— What is expected —
Transcribe the listing word for word, beginning at its first line and ending at the line containing "Set van 3 zilveren"; omit the pictures.
== Segment start ==
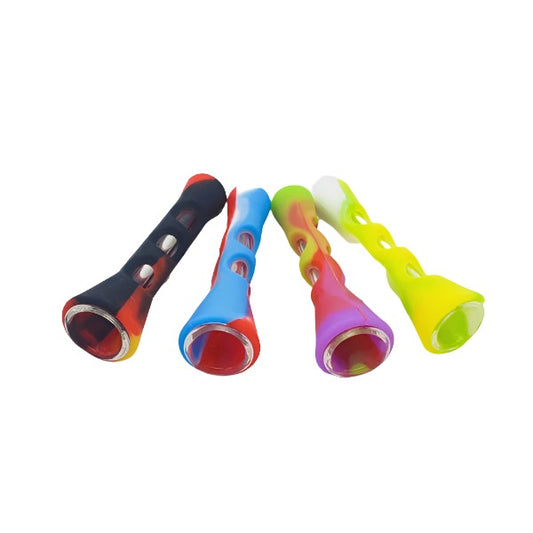 Silicone Chillum with Glass Bowl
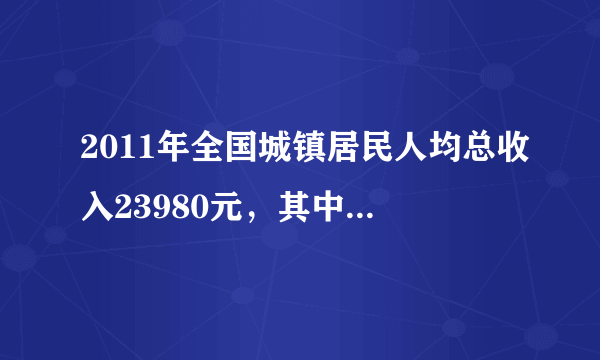 2011年全国城镇居民人均总收入23980元，其中，人均可支配收入218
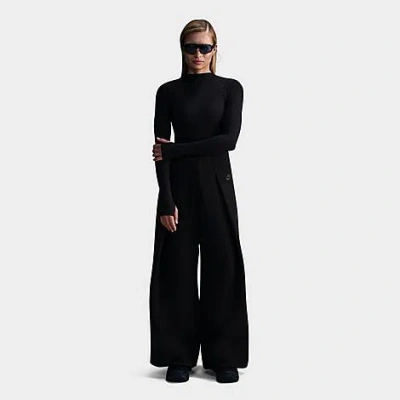 Nike Women's Sportswear Tech Fleece High-waisted Pleated Wide Pants In Black/black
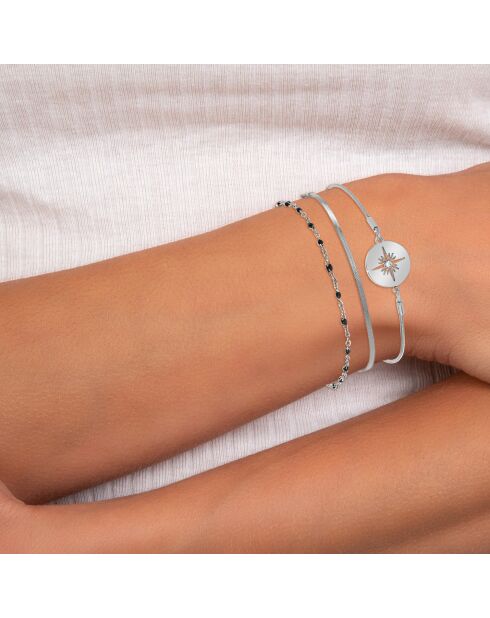 Set van 3 zilveren armbanden van roestvrij staal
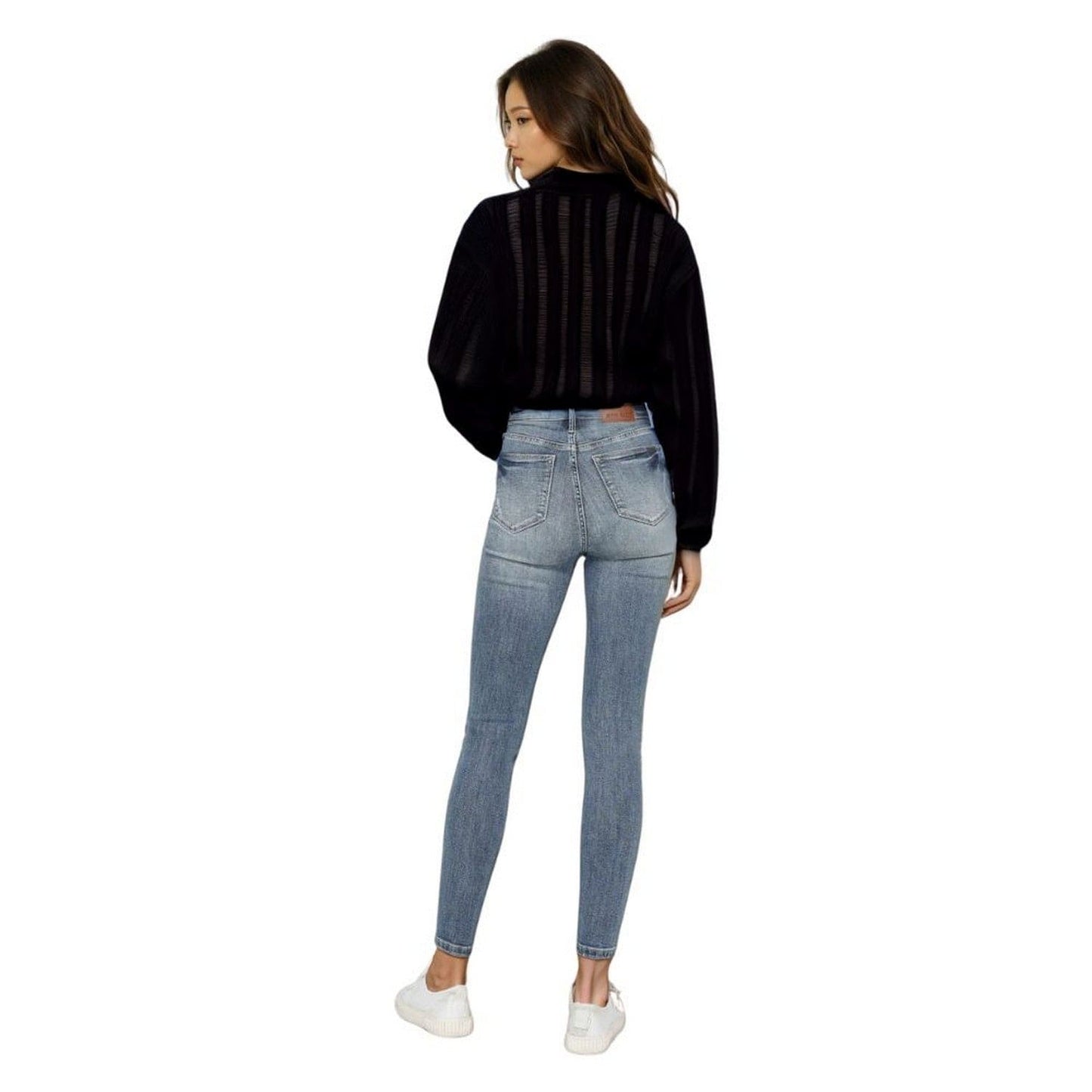 Judy Blue Apparel Judy Blue High Waist Tummy Control Contrast Wash Skinny Jeans - Womenswear, Bottoms, Skinny Fit, Comfortable Design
== Segment end ==
— Solution to the problem —
 Silicone Chillum with Glass Bowl
 2011年全国城镇居民人均总收入23980元，其中，人均可支配收入218
 Nike Women's Sportswear Tech Fleece High-waisted Pleated Wide Pants In Black/black
 Set van 3 zilveren armbanden van roestvrij staal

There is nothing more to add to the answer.